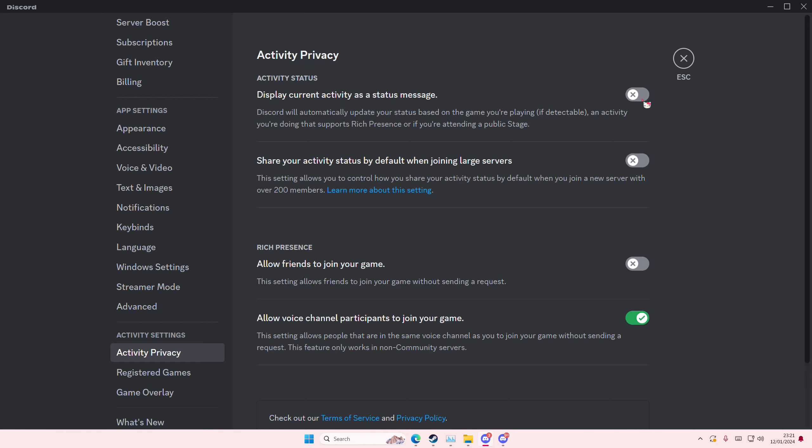It connects with games like Valorant and other games on Steam or Epic. For instance, if you're online and you don't want people to see that you're playing a game.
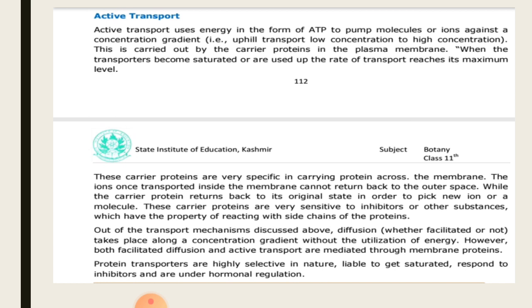When the transporter becomes saturated, or the rate of transport is at maximum level, the transporter is considered saturated.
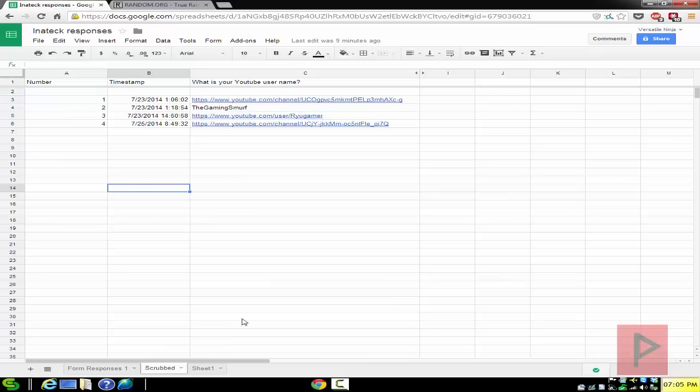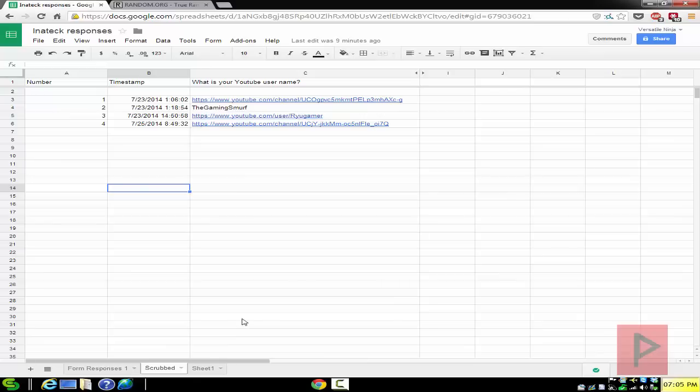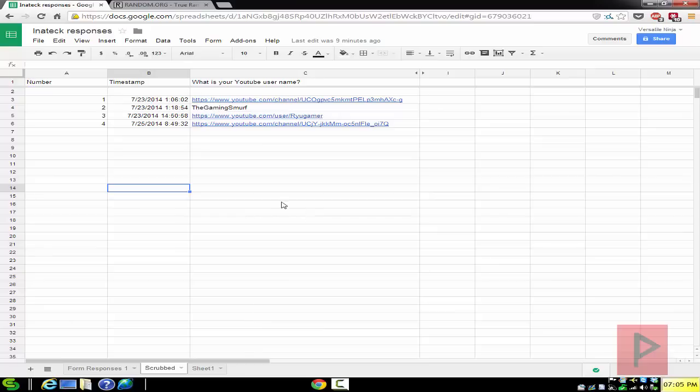So here's the list of participants. I actually scrubbed the list earlier today. Some guys didn't make it because they didn't follow the rules. Some guys lived outside the United States, so I can't send them those products if they do happen to win. So here's the final list. We got four participants, so that's pretty good odds.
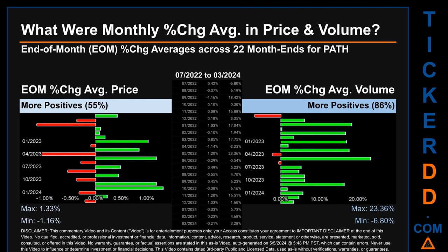Hello, my name is John. What were end-of-month percentage change averages in price and volume for PATH? The monthly average of percentage change in price and in volume were calculated for each of the 22 month-ends, taking daily percentage changes and averaging them for each given month. From July 2022 to March 2024, 12 out of 22 month-ends had a positive percentage change in average price — that is 55% of month-ends. In terms of volume, 19 out of 22 month-ends had a positive percentage change — 86% of month-ends. Price saw an end-of-month max of 1.33% and minimum of minus 1.16% in average percentage change. For volume, the maximum and minimum monthly percentage change were respectively 23.36% and minus 6.80%.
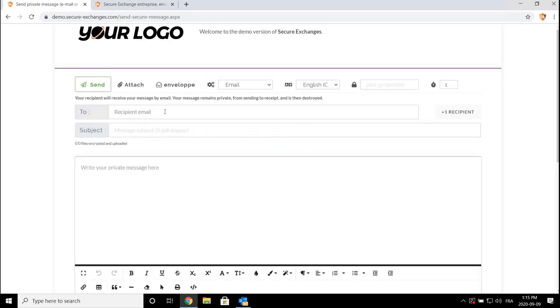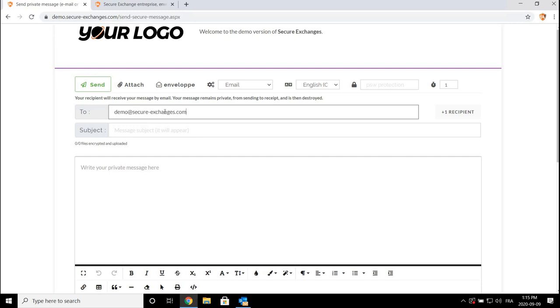When you are in the email interface, you simply have to enter the email address of your recipient, a subject, and a message that will be protected using Secure Exchanges technology.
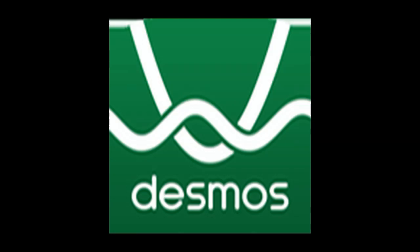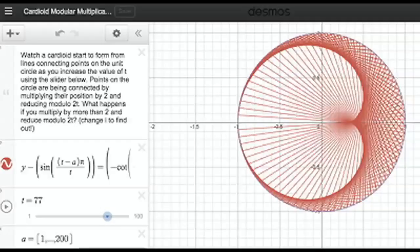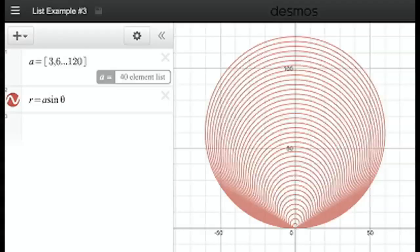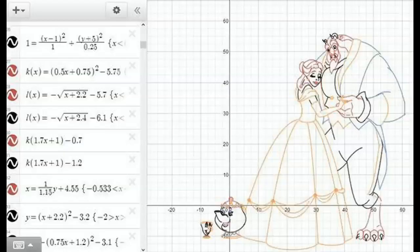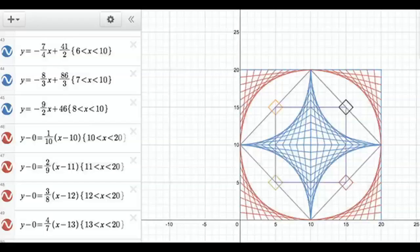Desmos is a tool in which you put the equations and it creates the graph for the equation. With some creativity and mathematical knowledge you can create amazing graph paintings in Desmos. So, let's see some of the best creative graphs in Desmos.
· · ·
• _Your instructions_:
Make an exact copy of only those lines that run from the line with "Hello, my name" through the end of the records, excluding pictures.

• _Answer to this task_:
Hello, my name is John. What were end-of-month percentage change averages in price and volume for PATH? The monthly average of percentage change in price and in volume were calculated for each of the 22 month-ends, taking daily percentage changes and averaging them for each given month. From July 2022 to March 2024, 12 out of 22 month-ends had a positive percentage change in average price — that is 55% of month-ends. In terms of volume, 19 out of 22 month-ends had a positive percentage change — 86% of month-ends. Price saw an end-of-month max of 1.33% and minimum of minus 1.16% in average percentage change. For volume, the maximum and minimum monthly percentage change were respectively 23.36% and minus 6.80%.
When you are in the email interface, you simply have to enter the email address of your recipient, a subject, and a message that will be protected using Secure Exchanges technology.
Desmos is a tool in which you put the equations and it creates the graph for the equation. With some creativity and mathematical knowledge you can create amazing graph paintings in Desmos. So, let's see some of the best creative graphs in Desmos.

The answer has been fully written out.